Oben wurde bereits deutlich, dass politische Bildung heute kaum mehr zweckfrei stattfindet – entweder gibt es die in der gebotenen Klarheit und Abgrenzung beschriebenen Zusatzeffekte in Form der Vermittlung von Fertigkeiten. Oder die Menschen sind dann interessiert an politischem Wissen, wenn sie eine ganz konkrete Situation vor Augen haben, in der sie ihre gewonnene Bildung anwenden können. – „Omas gegen Rechts“ wollen sich engagieren und deshalb wissen, wie sich die extrem rechte Szene aktuell darstellt, wie sich die Szene aus Verschwörungsgläubigen, Esoteriker*innen und Reichsbürger*innen einschätzen lässt. Kommunalpolitiker*innen wollen wissen, welche Strategien sie anwenden können, um mit den frisch in ihr Parlament gewählten Rechtspopulisten demokratisch fair, aber dennoch in der gebotenen Klarheit und Abgrenzung umgehen können. Menschen, die Protestkundgebungen gegen extreme Rechte anmelden, besuchen bei uns eine Online-Veranstaltung, bei der wir ihnen eine juristisch-politische Expertise anbieten.

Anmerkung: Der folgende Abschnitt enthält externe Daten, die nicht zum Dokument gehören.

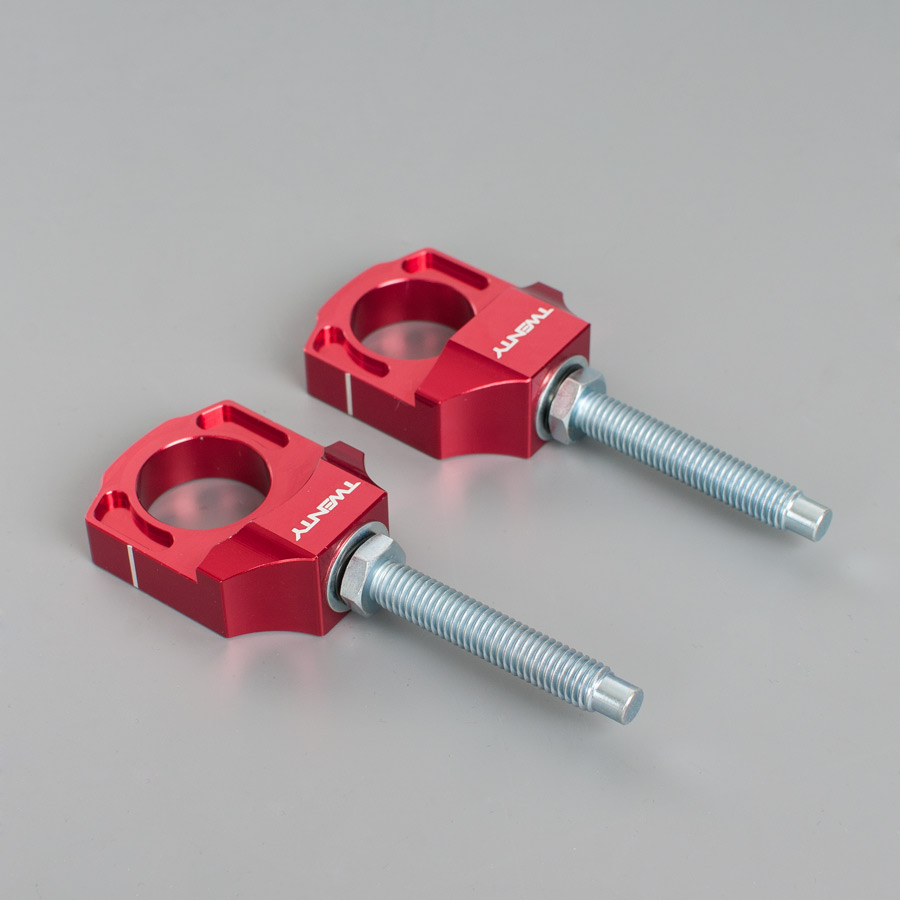 AxelBlock Twenty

Neue Teilnehmende, neue Formate, neue Servicestrukturen – zwei Beispiele

Ein großer Verbund aus Wertebündnis, Volkshochschulen, Jugendringen, Landeszentrale und kirchlicher Bildungsarbeit veranstaltet seit einigen Jahren die „Lange Nacht der Demokratie“ (siehe dazu AEEB Verstaltungstipp) – wir haben uns als Bündnis für Toleranz gerne angeschlossen. Der Eventcharakter und die simultan an mehreren Orten durchgeführten Veranstaltungen führen zu einem Gemeinschaftserlebnis mit überregionaler Resonanz. Die Kooperation der verschiedenen landesweiten Träger erschließt neue Zielgruppen, der gute Service, die Finanzierung, Beratung und Öffentlichkeitsarbeit durch den bayernweiten Verbund erhöht die Aufmerksamkeit vor Ort. Als Konsequenz aus den guten Erfahrungen (siehe dazu PDF unter weitere Infos) hat die bayernweite Steuerungsgruppe sich an die Politik gewandt mit der Bitte, die Bedingungen für die politische Bildung zu optimieren. Im Bereich der Gedenk- und Erinnerungsarbeit hat sich ein Verbund etabliert, der Antworten gibt auf das Verschwinden der Zeitzeug*innen von Holocaust und Nationalsozialismus. Das Forum Erinnern ist ein Serviceangebot in Form eines Portals für institutionelle Anbieter*innen und institutionelle wie individuelle Nachfrager*innen von Bildungsveranstaltungen zur NS-Geschichte. Dankenswerterweise wurde es vom Bayerischen Lehrer und Lehrerinnen Verband (BLLV) aufgebaut und von einem Trägerkreis verantwortet, im dem auch das Bayerische Bündnis für Toleranz vertreten ist. Über 60 Bildungsorganisationen präsentieren inzwischen auf dem Internetportal ihre Angebote der historisch-politischen Bildungsarbeit. Interessierte können nach Bildungsangeboten, Ausstellungen, Vorträgen, Fortbildungen oder Projektideen an Schulen suchen, die Angebote sind thematisch, methodisch und regional geordnet. Auch aus dieser Arbeit ist ein offener Brief entstanden mit Ideen „für die Pflege eines kritischen Geschichtsbewusstseins“. (siehe dazu Brief als PDF unter weitere Infos).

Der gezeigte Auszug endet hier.